--- START ---
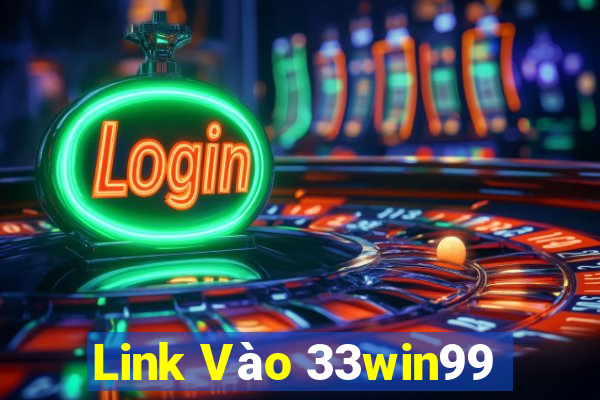 Link Vào 33win99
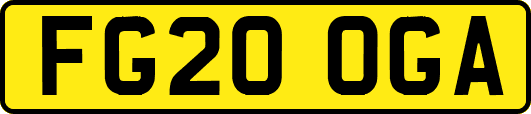 FG20OGA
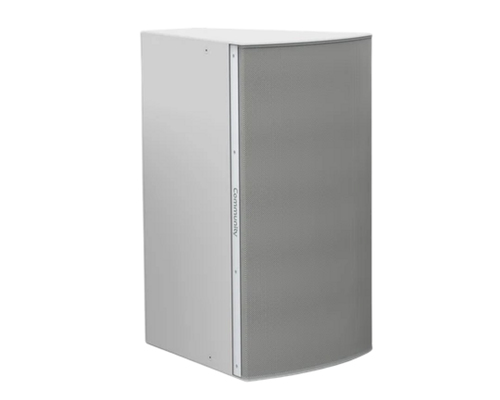 Biamp Community IP8-1153/94 3-way White Wired 600 W
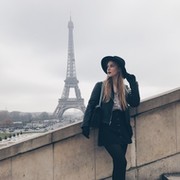 Sofia Grekova on My World.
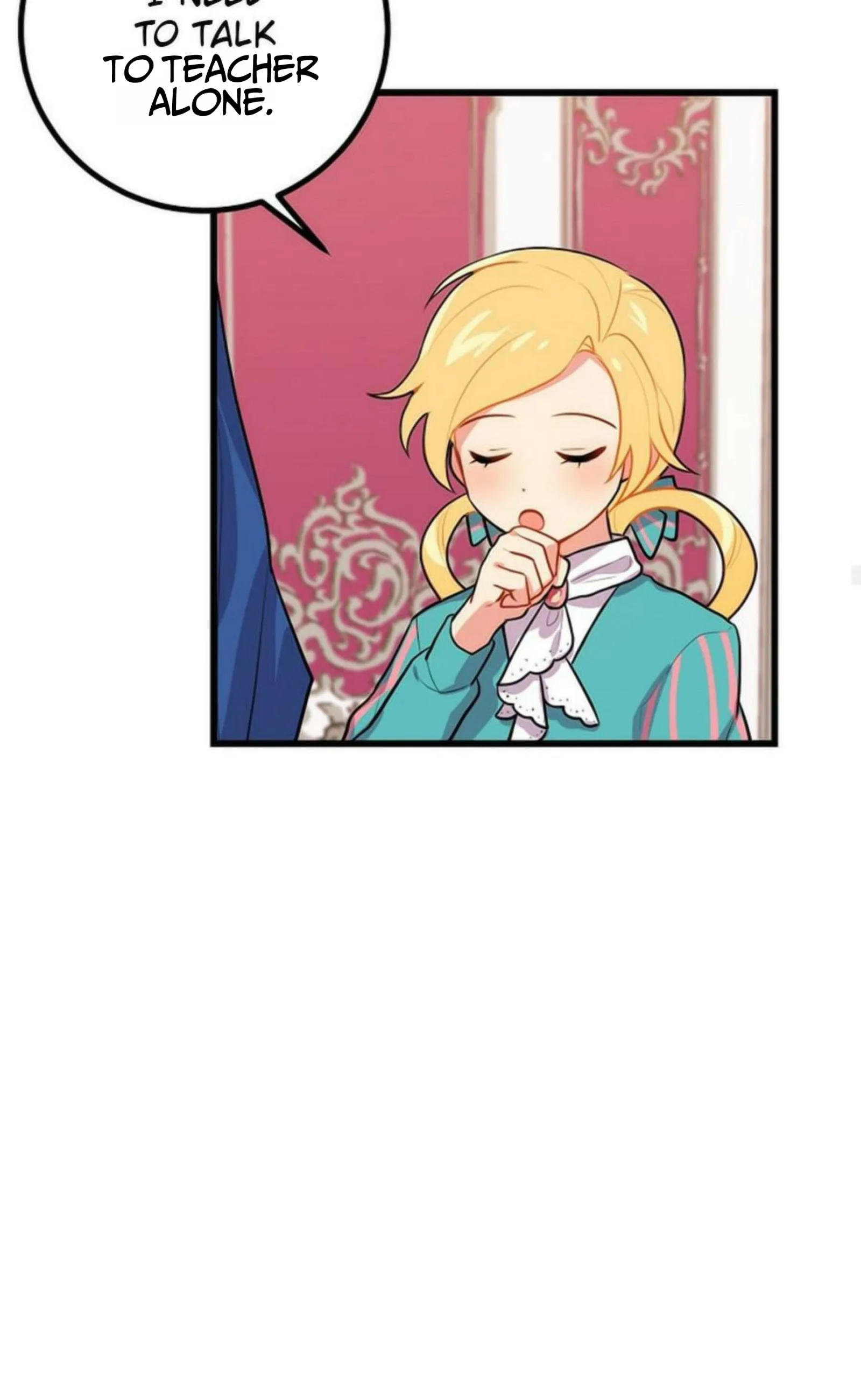 I am a child of this house Chapter 21 page 25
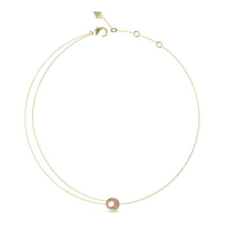Guess női nyaklánc JUBN05226JWYGPKTU nyaklánc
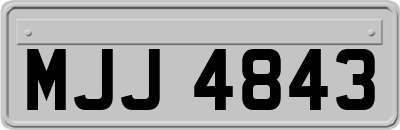 MJJ4843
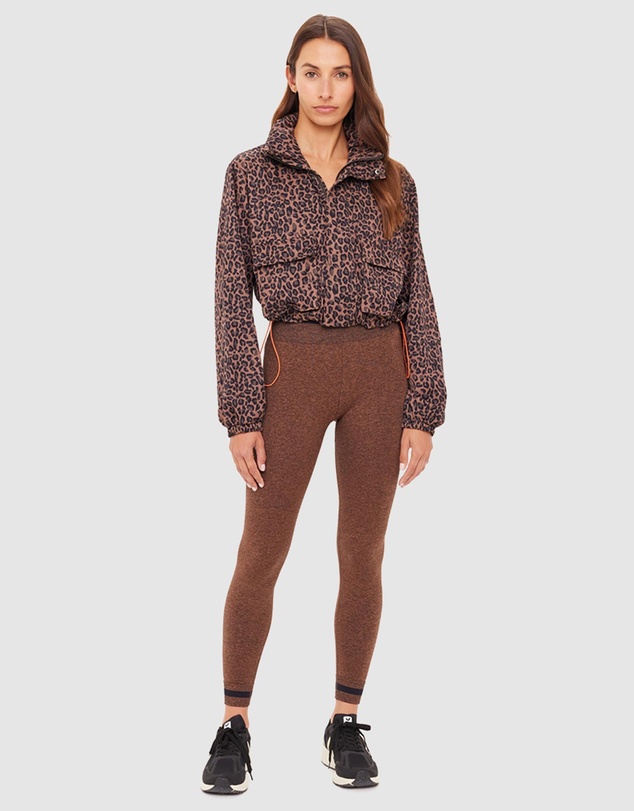 The Upside - Ludlow Ace Shell Jacket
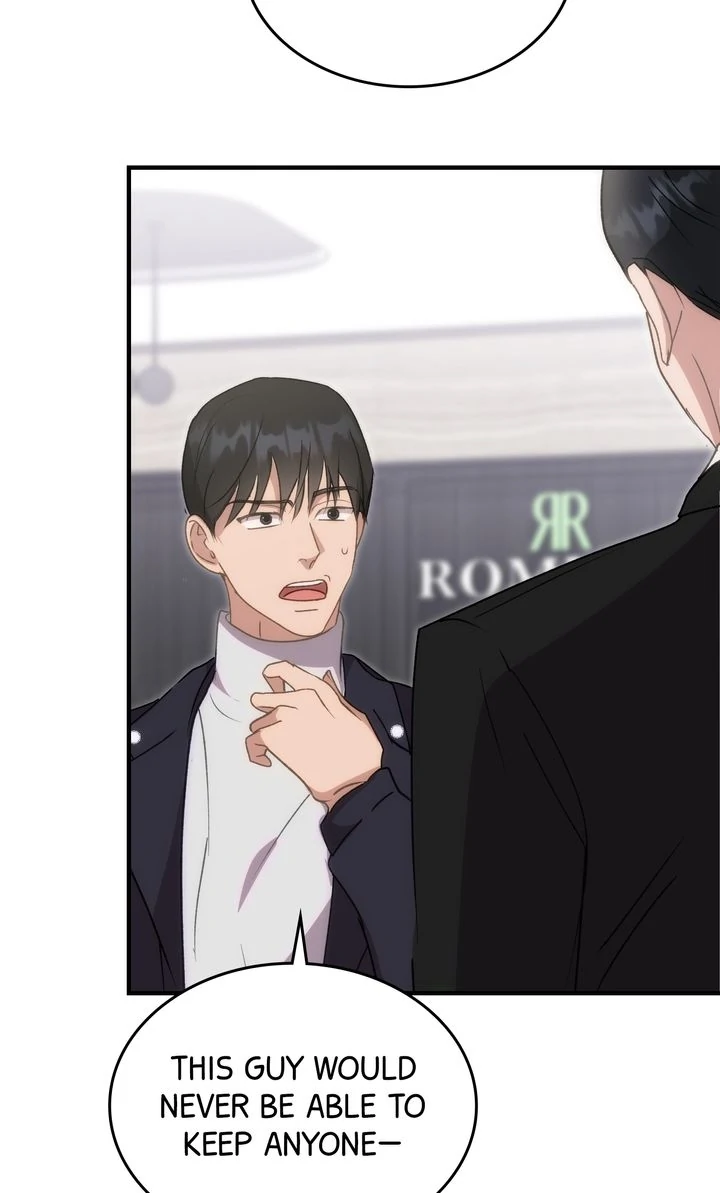 Should Not chapter 21 page 33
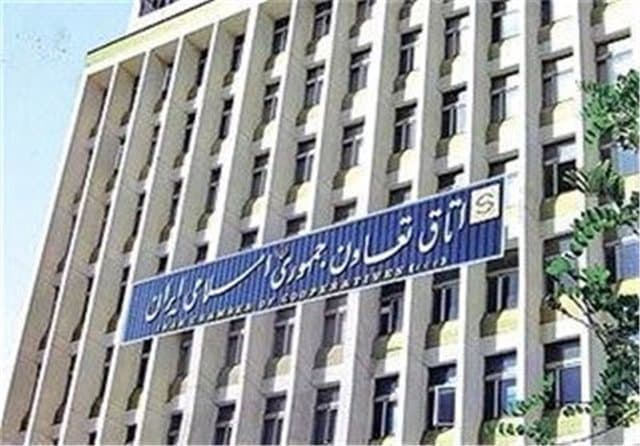 برقراری اینترنت بین‌المللی برای فعالان بخش تعاون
--- END ---
- TASK BRIEF: Can you quote exactly, and only, the lines from the one containing "Biamp Community IP8-1153/94" through the last line of the records above, keeping both ends and leaving out any pictures?

- EXERCISE ANSWER:
 Biamp Community IP8-1153/94 3-way White Wired 600 W
 Sofia Grekova on My World.
 I am a child of this house Chapter 21 page 25
Guess női nyaklánc JUBN05226JWYGPKTU nyaklánc
 MJJ4843
 The Upside - Ludlow Ace Shell Jacket
 Should Not chapter 21 page 33
 برقراری اینترنت بین‌المللی برای فعالان بخش تعاون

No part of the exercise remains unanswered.